First find the line with "Red - cotton" in the entries below, then set down exactly every line through the line with "3N1AB6APXBL699708 - 2011", that line included.

● ● ● ●

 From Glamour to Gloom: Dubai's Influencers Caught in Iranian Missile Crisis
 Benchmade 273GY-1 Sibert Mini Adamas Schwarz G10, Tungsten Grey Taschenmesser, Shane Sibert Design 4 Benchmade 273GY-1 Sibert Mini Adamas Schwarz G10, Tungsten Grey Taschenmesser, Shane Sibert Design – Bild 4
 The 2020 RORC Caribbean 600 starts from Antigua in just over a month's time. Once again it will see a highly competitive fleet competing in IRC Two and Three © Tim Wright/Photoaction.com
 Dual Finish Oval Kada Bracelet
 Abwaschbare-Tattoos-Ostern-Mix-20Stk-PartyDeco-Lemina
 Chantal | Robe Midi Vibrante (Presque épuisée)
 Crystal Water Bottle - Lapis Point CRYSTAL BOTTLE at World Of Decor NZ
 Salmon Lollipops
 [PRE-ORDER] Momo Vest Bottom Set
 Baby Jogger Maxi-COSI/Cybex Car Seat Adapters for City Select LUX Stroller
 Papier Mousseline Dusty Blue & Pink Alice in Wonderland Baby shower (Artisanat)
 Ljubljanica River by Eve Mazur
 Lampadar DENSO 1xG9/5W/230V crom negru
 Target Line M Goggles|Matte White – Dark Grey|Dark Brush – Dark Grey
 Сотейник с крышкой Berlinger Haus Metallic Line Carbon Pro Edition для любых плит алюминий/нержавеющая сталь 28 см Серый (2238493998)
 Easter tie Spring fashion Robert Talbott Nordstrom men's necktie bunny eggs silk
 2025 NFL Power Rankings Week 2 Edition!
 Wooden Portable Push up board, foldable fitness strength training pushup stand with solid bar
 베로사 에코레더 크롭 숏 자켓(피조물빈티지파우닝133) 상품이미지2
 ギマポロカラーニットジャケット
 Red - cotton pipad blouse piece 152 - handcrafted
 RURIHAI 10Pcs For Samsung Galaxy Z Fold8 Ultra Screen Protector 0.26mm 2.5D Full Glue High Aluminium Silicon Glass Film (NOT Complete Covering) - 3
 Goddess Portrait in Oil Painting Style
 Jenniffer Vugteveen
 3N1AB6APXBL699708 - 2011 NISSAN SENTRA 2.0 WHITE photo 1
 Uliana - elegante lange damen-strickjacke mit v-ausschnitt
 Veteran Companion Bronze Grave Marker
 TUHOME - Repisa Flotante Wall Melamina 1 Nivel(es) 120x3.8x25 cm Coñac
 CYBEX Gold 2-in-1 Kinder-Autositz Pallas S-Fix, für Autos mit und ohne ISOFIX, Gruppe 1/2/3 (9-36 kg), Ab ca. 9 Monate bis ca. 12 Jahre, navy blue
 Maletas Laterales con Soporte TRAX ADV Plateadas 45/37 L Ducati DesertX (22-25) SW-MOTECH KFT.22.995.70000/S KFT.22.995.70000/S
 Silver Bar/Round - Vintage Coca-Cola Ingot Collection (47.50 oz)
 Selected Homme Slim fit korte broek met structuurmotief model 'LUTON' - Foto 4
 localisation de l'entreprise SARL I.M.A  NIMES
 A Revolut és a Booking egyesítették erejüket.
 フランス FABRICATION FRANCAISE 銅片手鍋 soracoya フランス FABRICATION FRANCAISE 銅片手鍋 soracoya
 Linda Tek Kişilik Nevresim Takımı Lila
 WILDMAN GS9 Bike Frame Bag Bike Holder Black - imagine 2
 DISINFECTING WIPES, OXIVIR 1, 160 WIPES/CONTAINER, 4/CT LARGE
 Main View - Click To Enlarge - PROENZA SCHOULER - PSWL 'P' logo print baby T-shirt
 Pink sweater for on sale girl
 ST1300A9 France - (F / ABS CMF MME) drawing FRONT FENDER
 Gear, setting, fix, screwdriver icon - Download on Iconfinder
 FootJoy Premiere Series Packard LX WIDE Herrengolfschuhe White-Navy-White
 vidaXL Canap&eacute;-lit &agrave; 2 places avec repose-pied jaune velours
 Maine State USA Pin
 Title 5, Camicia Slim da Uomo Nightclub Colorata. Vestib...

● ● ● ●

> **Output for this exercise**:
 Red - cotton pipad blouse piece 152 - handcrafted
 RURIHAI 10Pcs For Samsung Galaxy Z Fold8 Ultra Screen Protector 0.26mm 2.5D Full Glue High Aluminium Silicon Glass Film (NOT Complete Covering) - 3
 Goddess Portrait in Oil Painting Style
 Jenniffer Vugteveen
 3N1AB6APXBL699708 - 2011 NISSAN SENTRA 2.0 WHITE photo 1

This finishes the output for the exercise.